● TASK DETAILS
Would you transcribe the records below from the line with "ZARA Black skirt" to the line with "Magnifique paysage insulaire, baie", ends included, exactly and with nothing more, leaving the pictures out?

● GIVEN RECORDS
__________

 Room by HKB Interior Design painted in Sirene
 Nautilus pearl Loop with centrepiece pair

__________

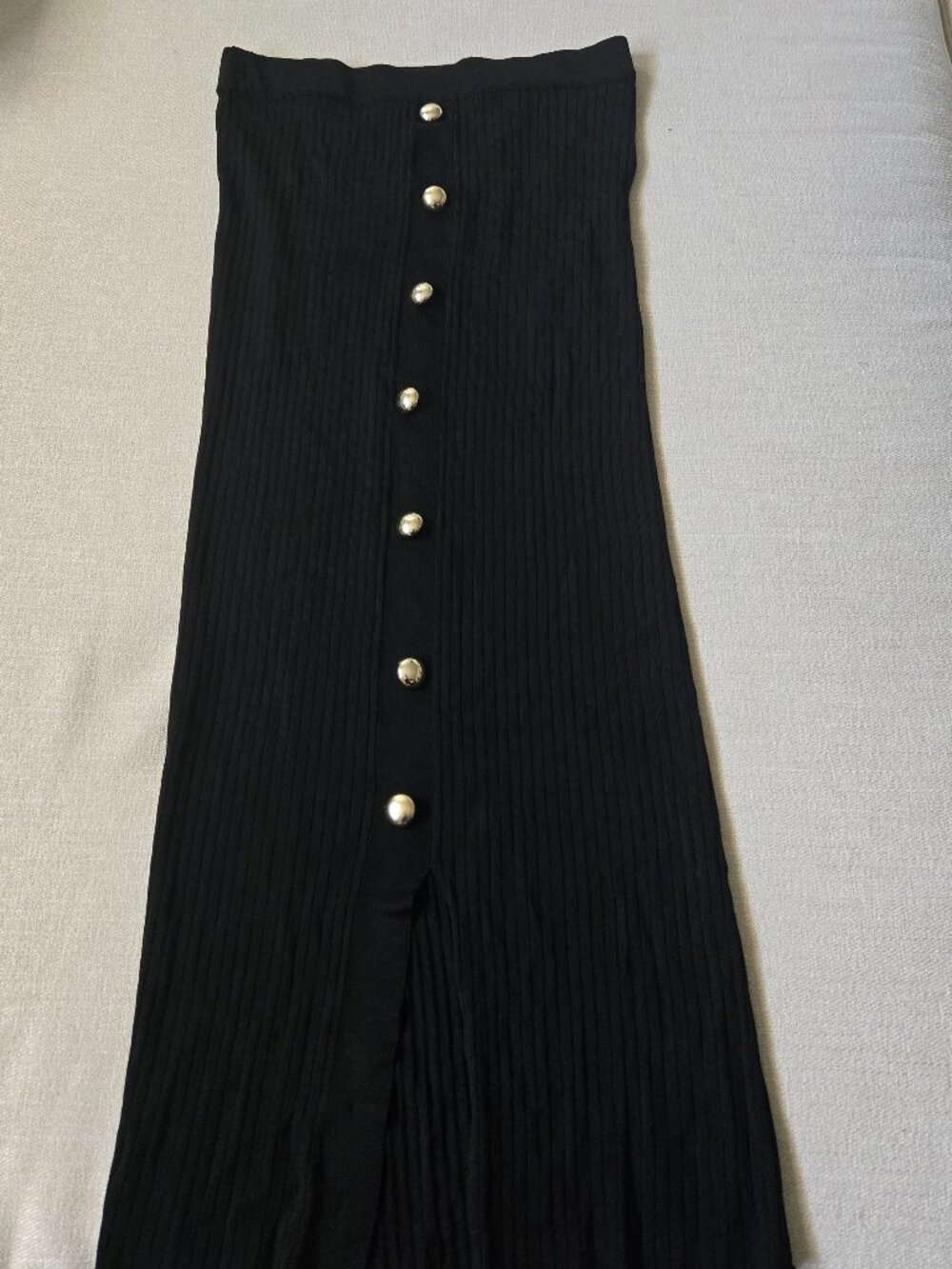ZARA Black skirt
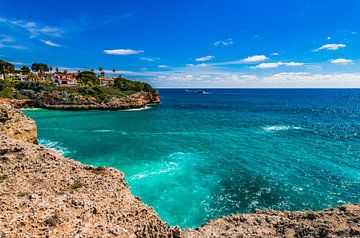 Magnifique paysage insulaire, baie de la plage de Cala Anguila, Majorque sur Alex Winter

__________

● ANSWER SPACE
ZARA Black skirt
 Magnifique paysage insulaire, baie de la plage de Cala Anguila, Majorque sur Alex Winter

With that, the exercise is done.